Which theorems have Pythagoras' Theorem as a special case?

Question

Loomis famously wrote hundreds of proofs of Pythagoras' Theorem (reference below), but these are all basically proofs "from below". Today on Twitter @panlepan mentioned Carnot's theorem which has Pythagoras' Theorem as a special case and this got me thinking. Which theorems have Pythagoras' Theorem as a special case?

@BOOK{Loomis1968,
  author =       {Loomis, E.},
  title =        {The {Pythagorean} Proposition},
  publisher =    {National Council of Teachers of Mathematics},
  year =         {1968},
  address =      {Washington},
}

Answer 1

The Law of cosines is the first that comes to my mind:

$$c^{2}=a^{2}+b^{2}-2ab\cos \gamma$$

(source: Wikipedia)

If $\gamma$ is a right angle, its cosine is 0 and all that remains is Pythagoras' Theorem.

Answer 2

Parseval identities in the theory of Fourier series and integrals.

Answer 3

The parallelogram law says that if $\mathcal{V}$ is an inner product space and $\mathbf{v},\mathbf{w} \in \mathcal{V}$, then $$ 2\|\mathbf{v}\|^2 + 2\|\mathbf{w}\|^2 = \|\mathbf{v} + \mathbf{w}\|^2 + \|\mathbf{v} - \mathbf{w}\|^2, $$ where the norm here is the one induced by the inner product (in fact, a result of John von Neumann says that a norm is induced by an inner product if and only if the above parallelogram law holds).
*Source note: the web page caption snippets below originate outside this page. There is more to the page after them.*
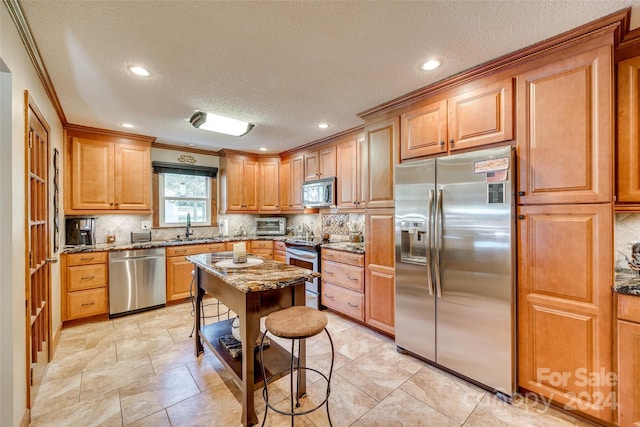 kitchen with appliances with stainless steel finishes, a textured ceiling, light stone countertops, sink, and a center island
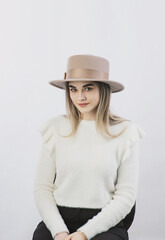 girl in a white sweater posing in a felt hat on a light background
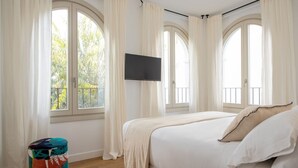 A bedroom with a bed, a TV mounted on the wall, and large windows with curtains. - Hommyhome Tetuán 15 Boutique - 202 (Sevilla)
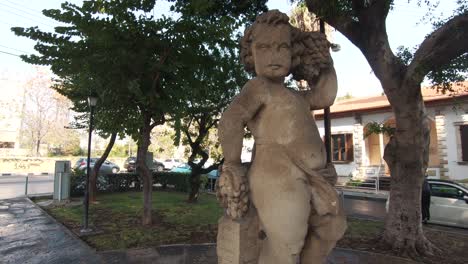 Statue-of-Eros-cupid-angel-ornament-embellishing-a-garden-in-Limassol,-Cyprus---Wide-Orbit-Tracking-shot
Its name comes from the fact that, if $\mathcal{V} = \mathbb{R}^2$ then the equality above simply tells us something about the sides lengths of a parallelogram compared to the lengths of its diagonals.
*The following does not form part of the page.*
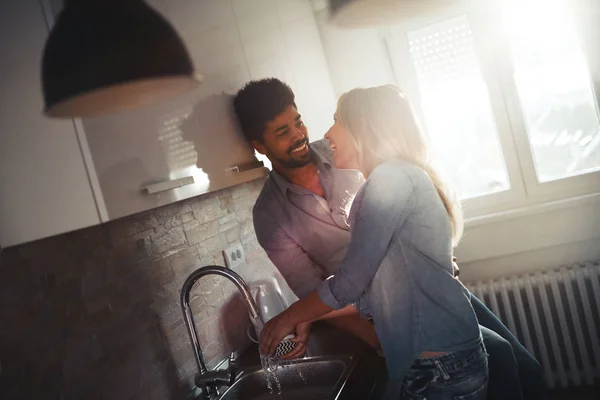 Молодая пара моет посуду на кухне и улыбается — стоковое фото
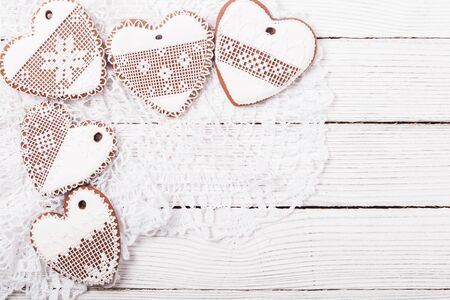 Gingerbread cookies in shape of heart with icing on a crochet doily, copy spaceの写真素材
In the special case when $\langle \mathbf{v},\mathbf{w}\rangle = 0$, we have $\|\mathbf{v} + \mathbf{w}\|^2 = \|\mathbf{v} - \mathbf{w}\|^2$, so the parallelogram law simplifies to $$ \|\mathbf{v}\|^2 + \|\mathbf{w}\|^2 = \|\mathbf{v} + \mathbf{w}\|^2, $$ which is the Pythagorean theorem (if $\mathcal{V} = \mathbb{R}^2$).

Answer 4

The Pythagorean theorem is a limit of the general formula for spherical or hyperbolic space: $\cos(a\sqrt{\kappa})\cos(b\sqrt{\kappa})=\cos(c\sqrt{\kappa})$, where $\kappa$ is the curvature.

Answer 5

So far no one has mentioned the original generalization!

Early in Euclid's Elements, the Pythagorean theorem is stated by comparing square areas:

Book I, Proposition 47: In right-angled triangles the square on the side opposite the right angle equals the sum of the squares on the sides containing the right angle.
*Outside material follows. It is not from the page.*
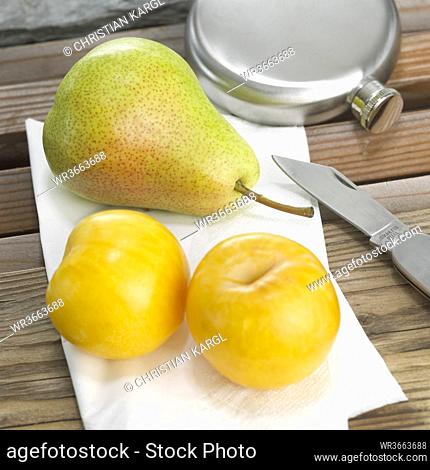 Pear and yellow plums, close-up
Later on, the Elements generalizes this far beyond squares. First it defines similar figures, meaning any similar figures with straight line segments:

Book VI, Definition 1: Similar rectilinear figures are such as have their angles severally equal and the sides about the equal angles proportional.

So the generalization that appears in the Elements is the Pythageorean theorem for any similar figures, as known some 2500 years ago:

Book VI, Proposition 31: In right-angled triangles the figure on the side opposite the right angle equals the sum of the similar and similarly described figures on the sides containing the right angle.

Answer 6

This is probably the simplest: $(a+b)^2=a^2+b^2+2ab$, if you take $a,b$ elements of some inner product vector space and $(\cdot)^2$ means inner product with itself.

Answer 7

Pythagoras' theorem is a special case of the three point identity for Bregman distances: Let $h$ be convex and lower semi-continuous on a Banach space - further assume differentiability of $h$ for simplicity. Then $h$ induces a Bregman distance $$D_h(u,v) = h(u)-h(v) - \langle \nabla h(v), u-v\rangle $$ and this Bregman distance fulfills the mentioned three point equality $$D_h(w,v) + D_h(v,u) + \langle \nabla h(u) - \nabla h(v),v-w\rangle = D_h(w,u).$$ The special case appears for $h(u) = \tfrac12\|u\|^2$ on a Hilbert space $X$ (or on $X = \mathbb{R}^2$). Here we get $\nabla h(u) = u$ and $D_h(u,v) = \tfrac12\|x-y\|^2$ and you get Pythagoras.

Answer 8

One of the most attractive generalisations is de Gua's theorem: If a tetrahedron $ABCD$ is rectangular at $A$, then $$ |BCD|^2=|ABC|^2+|ACD|^2+|ABD|^2$$ where the absolute value signs denote area.

This can easily be proved analytically by the $p,q$ method. One assumes,as one can, that the vertices are $(0,0,0)$, $(1,0,0)$, $(0,q,0)$ and $(0,0,t)$--the calculations are then done in a matter of minutes.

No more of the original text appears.